Supplied entries ->
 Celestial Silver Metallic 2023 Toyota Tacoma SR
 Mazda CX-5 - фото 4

==

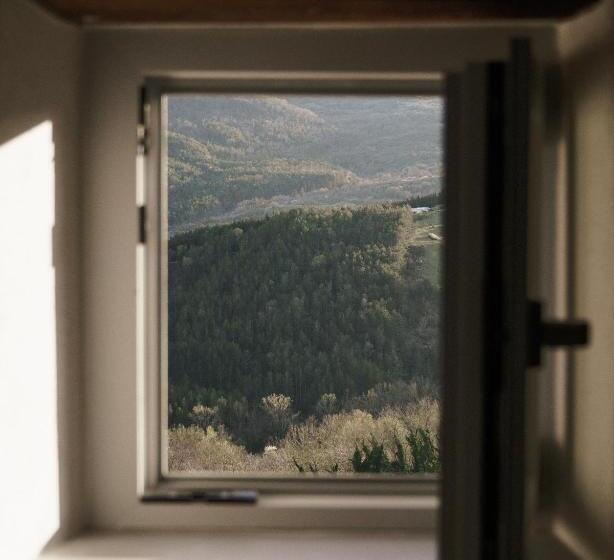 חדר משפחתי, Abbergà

Task item ->
Transcribe, exactly and without additions, the lines of the records above, beginning with the line that contains "Celestial Silver Metallic" and ending with the line that contains "Mazda CX-5 - фото 4", both included.

Written solution ->
 Celestial Silver Metallic 2023 Toyota Tacoma SR
 Mazda CX-5 - фото 4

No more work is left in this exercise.